Not only is movement central to music production, it also occurs naturally and automatically during music listening among both musicians and nonmusicians. Although the ability to synchronize movements to an auditory beat does not require training or practice, musical experience is helpful in perceiving (Ehrlé & Samson, 2005; Jones & Yee, 1997; Madison & Merker, 2002; Yee, Holleran, & Jones, 1994) and producing (Repp, 2010; Repp & Doggett, 2007) isochronous sequences. Despite our tolerance for timing irregularities in musical sequences (Madison & Merker, 2002), changes in isochronous sequences are quite salient. Here, we complement previous work examining the perceptual effects of music listening on body movement by exploring movement’s effect on our ability to detect timing changes in isochronous sequences.

Subjective measures of movement and auditory perception

Movement’s effect on listeners’ perception of music raises questions about its effects on those performing it. Studies investigating whether movement alters one’s own perception have typically used subjective tasks. For example, body movement can affect the perception of metric structure—a subjective “grouping” of beats. Participants moving on every second or third beat while listening to an ambiguous auditory rhythm later report that the motion-consistent meter sounds more familiar (Phillips-Silver & Trainor, 2007, 2008). Extensive musical exposure is not a requirement, since infants bounced in this manner exhibit similar effects (Phillips-Silver & Trainor, 2005). Vestibular stimulation is crucial, since artificial vestibular input independent of physical head movement is sufficient to trigger the phenomenon (Trainor, Gao, Lei, Lehtovaara, & Harris, 2009).

Moving to an auditory sequence also facilitates subjective pulse extraction (i.e., identifying “the beat”), particularly for tempi within comfortable movement frequencies. Movement while listening also influences the amount of synchrony between this extracted pulse and the auditory sequence (Su & Pöppel, 2011). Although this indicates that movement can facilitate pulse extraction, its effect on perceived timing remains an open question. This relationship can (and frequently has) been explored through tapping—a paradigm useful for studying synchronization, as well as timing acuity (see Repp, 2005, for an extensive review).
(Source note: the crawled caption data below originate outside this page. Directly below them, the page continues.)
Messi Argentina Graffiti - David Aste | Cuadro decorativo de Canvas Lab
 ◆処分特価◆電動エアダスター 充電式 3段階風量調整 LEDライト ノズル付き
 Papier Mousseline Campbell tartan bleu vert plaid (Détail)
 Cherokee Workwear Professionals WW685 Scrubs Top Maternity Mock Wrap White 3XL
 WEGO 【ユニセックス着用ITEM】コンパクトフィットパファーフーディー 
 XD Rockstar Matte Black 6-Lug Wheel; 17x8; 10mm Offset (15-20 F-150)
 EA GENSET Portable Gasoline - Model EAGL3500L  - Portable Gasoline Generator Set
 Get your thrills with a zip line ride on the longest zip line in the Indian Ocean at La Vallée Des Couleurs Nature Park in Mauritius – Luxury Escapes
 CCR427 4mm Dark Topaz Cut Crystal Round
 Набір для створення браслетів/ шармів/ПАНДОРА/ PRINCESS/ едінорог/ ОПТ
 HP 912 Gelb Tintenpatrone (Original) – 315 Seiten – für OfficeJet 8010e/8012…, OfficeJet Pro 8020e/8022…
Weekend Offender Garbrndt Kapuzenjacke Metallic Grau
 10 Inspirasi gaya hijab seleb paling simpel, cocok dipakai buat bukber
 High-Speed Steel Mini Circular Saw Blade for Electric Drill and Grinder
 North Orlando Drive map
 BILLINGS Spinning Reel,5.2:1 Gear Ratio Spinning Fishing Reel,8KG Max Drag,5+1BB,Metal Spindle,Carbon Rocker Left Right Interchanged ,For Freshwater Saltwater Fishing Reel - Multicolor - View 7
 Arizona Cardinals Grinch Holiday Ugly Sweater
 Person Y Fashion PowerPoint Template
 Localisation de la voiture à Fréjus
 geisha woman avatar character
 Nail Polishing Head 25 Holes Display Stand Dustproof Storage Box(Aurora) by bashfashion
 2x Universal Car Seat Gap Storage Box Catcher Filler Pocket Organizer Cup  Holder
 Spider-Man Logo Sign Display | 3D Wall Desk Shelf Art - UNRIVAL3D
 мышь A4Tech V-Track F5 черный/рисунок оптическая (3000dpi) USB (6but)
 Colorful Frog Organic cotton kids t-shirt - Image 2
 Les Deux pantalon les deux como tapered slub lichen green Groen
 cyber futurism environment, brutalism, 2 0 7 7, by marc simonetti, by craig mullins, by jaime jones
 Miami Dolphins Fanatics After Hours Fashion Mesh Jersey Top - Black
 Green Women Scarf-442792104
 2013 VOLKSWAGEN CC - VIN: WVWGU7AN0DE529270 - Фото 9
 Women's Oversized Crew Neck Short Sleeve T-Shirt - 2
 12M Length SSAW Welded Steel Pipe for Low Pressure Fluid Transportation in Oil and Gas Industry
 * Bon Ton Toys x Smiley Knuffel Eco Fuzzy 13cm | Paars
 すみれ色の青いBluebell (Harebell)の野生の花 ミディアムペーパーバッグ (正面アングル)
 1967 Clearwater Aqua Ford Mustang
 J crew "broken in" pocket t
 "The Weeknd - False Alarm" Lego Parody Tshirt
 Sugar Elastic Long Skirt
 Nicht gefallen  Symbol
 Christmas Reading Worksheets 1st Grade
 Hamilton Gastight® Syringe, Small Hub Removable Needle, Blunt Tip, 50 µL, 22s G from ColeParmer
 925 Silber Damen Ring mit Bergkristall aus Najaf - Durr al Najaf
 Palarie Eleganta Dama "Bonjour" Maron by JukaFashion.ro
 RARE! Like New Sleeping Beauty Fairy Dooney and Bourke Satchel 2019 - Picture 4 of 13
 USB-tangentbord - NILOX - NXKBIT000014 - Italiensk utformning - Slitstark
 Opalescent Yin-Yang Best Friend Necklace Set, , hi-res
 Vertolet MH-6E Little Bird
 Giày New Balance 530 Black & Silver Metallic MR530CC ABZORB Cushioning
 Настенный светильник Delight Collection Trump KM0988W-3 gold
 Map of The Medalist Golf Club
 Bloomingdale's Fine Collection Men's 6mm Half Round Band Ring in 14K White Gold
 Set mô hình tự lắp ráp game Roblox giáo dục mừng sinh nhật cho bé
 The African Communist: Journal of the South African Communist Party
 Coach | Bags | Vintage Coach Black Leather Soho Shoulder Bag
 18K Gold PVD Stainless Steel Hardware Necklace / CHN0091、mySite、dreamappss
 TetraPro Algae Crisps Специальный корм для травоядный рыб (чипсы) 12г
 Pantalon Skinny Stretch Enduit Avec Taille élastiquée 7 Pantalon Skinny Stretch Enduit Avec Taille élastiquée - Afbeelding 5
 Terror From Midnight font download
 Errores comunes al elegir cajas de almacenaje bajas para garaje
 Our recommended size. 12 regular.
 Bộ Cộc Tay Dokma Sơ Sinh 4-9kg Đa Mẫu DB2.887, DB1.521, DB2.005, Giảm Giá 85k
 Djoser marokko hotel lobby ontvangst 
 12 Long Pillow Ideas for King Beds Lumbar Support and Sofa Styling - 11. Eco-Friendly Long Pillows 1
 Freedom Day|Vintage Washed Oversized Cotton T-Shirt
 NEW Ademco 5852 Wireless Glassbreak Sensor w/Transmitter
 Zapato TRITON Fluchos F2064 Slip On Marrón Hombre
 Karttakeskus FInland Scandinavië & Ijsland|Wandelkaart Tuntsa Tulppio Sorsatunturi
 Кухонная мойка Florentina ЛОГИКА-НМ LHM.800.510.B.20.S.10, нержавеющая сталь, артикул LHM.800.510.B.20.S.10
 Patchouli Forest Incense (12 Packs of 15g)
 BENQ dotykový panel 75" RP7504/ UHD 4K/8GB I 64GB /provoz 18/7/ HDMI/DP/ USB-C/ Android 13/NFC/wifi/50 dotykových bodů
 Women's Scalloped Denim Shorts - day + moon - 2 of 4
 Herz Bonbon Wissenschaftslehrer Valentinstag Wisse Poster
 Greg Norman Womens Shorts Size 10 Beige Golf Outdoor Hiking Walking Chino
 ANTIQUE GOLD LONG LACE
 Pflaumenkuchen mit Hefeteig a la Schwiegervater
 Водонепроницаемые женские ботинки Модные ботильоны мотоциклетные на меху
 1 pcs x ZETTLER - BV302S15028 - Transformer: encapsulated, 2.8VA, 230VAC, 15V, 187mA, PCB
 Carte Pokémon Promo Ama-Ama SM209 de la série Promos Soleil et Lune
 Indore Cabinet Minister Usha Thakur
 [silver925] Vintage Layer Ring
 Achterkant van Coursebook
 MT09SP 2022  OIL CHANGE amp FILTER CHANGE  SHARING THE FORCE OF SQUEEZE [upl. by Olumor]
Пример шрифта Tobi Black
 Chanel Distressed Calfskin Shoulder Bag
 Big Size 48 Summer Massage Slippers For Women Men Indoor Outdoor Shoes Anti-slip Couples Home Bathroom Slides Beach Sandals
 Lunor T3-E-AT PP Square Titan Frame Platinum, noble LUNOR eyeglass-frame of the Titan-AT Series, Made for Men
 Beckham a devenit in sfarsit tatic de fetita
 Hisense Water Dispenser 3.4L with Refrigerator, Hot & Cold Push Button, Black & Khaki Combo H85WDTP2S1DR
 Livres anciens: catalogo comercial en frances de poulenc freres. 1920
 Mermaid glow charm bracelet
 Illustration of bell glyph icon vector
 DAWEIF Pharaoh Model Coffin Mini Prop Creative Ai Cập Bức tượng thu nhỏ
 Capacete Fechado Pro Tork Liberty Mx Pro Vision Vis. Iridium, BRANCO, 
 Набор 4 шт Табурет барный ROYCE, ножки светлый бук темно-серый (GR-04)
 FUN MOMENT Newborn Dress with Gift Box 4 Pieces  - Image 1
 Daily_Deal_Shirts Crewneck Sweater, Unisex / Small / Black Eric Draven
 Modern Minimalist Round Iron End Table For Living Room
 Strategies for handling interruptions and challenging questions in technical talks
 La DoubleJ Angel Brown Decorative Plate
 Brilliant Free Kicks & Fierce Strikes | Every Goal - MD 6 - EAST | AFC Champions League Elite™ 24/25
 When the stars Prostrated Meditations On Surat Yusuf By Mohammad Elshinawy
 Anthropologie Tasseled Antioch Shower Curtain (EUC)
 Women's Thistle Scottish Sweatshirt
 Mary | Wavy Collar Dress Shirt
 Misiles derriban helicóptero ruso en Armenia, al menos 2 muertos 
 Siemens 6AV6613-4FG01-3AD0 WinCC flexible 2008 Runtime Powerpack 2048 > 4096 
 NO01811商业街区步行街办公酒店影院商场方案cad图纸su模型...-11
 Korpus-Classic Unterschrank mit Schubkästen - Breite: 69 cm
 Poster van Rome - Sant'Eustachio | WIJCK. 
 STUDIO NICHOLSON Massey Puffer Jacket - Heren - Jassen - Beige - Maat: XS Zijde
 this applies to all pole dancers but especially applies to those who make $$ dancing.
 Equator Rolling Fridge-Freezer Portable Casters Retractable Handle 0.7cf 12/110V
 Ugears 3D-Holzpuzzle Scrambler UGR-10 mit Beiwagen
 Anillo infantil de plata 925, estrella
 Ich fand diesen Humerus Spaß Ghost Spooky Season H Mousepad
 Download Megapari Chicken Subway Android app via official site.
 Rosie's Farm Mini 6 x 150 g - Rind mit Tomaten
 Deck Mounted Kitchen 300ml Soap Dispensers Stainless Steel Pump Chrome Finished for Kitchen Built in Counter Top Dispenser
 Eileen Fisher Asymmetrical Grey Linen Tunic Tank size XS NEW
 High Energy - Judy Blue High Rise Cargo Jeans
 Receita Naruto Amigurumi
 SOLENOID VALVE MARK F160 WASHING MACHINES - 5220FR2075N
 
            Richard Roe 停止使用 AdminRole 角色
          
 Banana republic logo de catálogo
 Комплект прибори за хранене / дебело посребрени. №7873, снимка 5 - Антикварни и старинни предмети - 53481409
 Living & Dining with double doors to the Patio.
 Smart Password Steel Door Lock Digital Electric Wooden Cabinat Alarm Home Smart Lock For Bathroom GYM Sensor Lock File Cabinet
In contrast to tapping itself, tapping’s effect on perception is less well researched. Nonetheless, Repp (2002) explored the role of musical context in sensorimotor synchronization and in timing perception. After hearing a piano solo with either consistent timing or small perturbations, trained musicians listened to a separate rhythmic sequence in one of three conditions: perception only, where they identified perturbations; synchronization only, where they tapped along to the sequence; and perception and synchronization, where they both tapped along and identified perturbations. Detection of perturbations in the perception-only and the perception-and-synchronization conditions was significantly impaired by timing perturbations, yet performance in the synchronization-only condition was not affected. Here, perception was more sensitive to preceding context than was movement (tapping). Since it was beyond the study’s scope, Repp (2002) did not explicitly address whether synchronization influenced the ability to detect deviations within the rhythm.

Present study

Here, we build upon previous work by introducing an objective task that does not require musical training to explore whether “moving to the beat” affects timing perception. While complementary explorations of action’s effect on perception use subjective ratings of pitch direction (Repp & Goehrke, 2011; Repp & Knoblich, 2007, 2009), metric structure (Phillips-Silver & Trainor, 2005, 2007, 2008), and beat extraction (Su & Pöppel, 2011), here we use an objective task focused on timing. In order to obtain results that generalize broadly, we did not select participants based on musical training (as done in related research; Krause, Pollok, & Schnitzler, 2010; Repp, 2002; Repp & Knoblich, 2007, 2009).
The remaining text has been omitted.